The usual answer is that they need healing.
That there must be a childhood wound.
An unresolved trauma.
A buried fear.
And while that is certainly true for some people, I have never been convinced that it explains everyone.
Some people have done the healing.
Some people genuinely had good childhoods.
Some people are not carrying deep resentment toward their parents, their past, or themselves.
Yet the feeling remains.
I have often wondered whether we are too quick to assume that every emptiness is a wound.
What if some forms of longing have nothing to do with damage?
What if some people are not grieving something that happened to them, but something that is absent from them?

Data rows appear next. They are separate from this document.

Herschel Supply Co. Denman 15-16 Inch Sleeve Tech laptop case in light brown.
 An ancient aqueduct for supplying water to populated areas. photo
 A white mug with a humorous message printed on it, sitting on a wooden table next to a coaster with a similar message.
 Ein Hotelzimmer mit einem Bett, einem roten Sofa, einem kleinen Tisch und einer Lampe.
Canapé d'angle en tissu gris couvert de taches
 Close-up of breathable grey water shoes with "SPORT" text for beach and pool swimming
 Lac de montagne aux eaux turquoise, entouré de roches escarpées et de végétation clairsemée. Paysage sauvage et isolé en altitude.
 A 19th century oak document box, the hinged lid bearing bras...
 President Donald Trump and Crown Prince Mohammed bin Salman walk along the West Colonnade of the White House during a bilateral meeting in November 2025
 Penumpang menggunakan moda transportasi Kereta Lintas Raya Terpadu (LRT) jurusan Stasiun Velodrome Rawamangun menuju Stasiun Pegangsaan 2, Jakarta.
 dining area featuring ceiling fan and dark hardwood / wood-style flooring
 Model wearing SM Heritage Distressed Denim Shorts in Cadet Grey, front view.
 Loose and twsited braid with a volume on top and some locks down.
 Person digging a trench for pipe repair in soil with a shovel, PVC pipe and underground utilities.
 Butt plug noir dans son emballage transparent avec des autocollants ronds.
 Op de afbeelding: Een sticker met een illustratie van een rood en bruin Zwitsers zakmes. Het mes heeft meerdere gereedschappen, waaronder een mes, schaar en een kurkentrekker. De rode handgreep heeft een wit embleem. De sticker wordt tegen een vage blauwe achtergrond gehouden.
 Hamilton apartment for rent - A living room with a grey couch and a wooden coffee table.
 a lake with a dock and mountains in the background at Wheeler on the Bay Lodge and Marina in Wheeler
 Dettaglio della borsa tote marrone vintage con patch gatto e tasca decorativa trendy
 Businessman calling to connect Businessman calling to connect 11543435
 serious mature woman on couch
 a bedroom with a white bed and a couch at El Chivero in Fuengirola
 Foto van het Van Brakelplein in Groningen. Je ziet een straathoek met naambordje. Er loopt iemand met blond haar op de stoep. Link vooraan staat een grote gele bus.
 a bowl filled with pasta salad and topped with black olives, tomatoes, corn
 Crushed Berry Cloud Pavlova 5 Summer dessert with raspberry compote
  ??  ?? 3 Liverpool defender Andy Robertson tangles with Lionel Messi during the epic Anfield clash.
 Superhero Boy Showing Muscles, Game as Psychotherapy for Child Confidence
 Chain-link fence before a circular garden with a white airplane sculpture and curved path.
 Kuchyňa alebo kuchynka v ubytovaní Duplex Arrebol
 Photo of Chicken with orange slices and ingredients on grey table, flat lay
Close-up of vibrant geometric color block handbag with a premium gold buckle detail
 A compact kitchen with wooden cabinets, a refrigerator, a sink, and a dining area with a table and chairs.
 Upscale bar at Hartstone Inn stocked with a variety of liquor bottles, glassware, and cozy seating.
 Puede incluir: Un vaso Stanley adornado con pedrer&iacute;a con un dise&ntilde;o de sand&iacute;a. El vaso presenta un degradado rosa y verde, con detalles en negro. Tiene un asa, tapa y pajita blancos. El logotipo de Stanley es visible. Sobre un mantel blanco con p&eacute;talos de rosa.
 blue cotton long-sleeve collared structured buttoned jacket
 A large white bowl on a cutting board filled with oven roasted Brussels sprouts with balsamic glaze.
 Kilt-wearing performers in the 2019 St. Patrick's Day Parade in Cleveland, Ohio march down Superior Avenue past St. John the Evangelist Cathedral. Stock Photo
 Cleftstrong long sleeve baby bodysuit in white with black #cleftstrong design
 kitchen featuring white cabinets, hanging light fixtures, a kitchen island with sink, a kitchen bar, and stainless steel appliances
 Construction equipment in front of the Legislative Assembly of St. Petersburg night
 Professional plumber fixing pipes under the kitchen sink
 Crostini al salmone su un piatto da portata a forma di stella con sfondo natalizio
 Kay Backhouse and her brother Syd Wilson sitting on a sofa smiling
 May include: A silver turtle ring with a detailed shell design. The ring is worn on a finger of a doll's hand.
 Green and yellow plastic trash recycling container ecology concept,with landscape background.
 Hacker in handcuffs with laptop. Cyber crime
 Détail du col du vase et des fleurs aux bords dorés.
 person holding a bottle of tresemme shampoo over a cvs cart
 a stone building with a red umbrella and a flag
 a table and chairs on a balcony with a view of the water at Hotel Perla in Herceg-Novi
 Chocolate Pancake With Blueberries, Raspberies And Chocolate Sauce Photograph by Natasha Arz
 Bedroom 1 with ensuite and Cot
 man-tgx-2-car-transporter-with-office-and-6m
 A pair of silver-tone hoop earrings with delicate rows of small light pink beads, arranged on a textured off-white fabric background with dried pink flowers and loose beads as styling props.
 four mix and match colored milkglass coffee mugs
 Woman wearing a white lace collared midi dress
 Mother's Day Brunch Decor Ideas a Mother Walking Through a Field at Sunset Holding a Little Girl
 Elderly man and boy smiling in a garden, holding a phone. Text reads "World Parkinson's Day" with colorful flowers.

I know that sounds strange.
As someone who prefers evidence to fantasy, I have always struggled with explanations that require blind belief.
I am the type of person who wants facts, proof, and a reasonable explanation for what I am experiencing.
Yet this question continued to follow me.
Why do some people feel as though something is missing even when nothing appears to be missing at all?
I think about people who seem drawn to love stories long before they ever experience love themselves.
People who spend years feeling homesick for a place they have never been.
People who feel a longing they cannot name and a grief they cannot trace back to any particular event.
I think about people who have everything society tells them should make them happy, yet still feel as though they are waiting for something.
Or someone.
Maybe the answer is psychological.
Maybe it is spiritual.
Maybe it is something we do not yet understand.
I do not claim to know.
I only know that I have observed this pattern too many times to ignore it.
Perhaps not every emptiness comes from trauma.
Perhaps not every longing comes from a wound.
And perhaps some people spend their lives searching for something they cannot explain because the thing they are searching for has never been present in the first place.
This is only a theory.
But it is one I have spent a long time thinking about.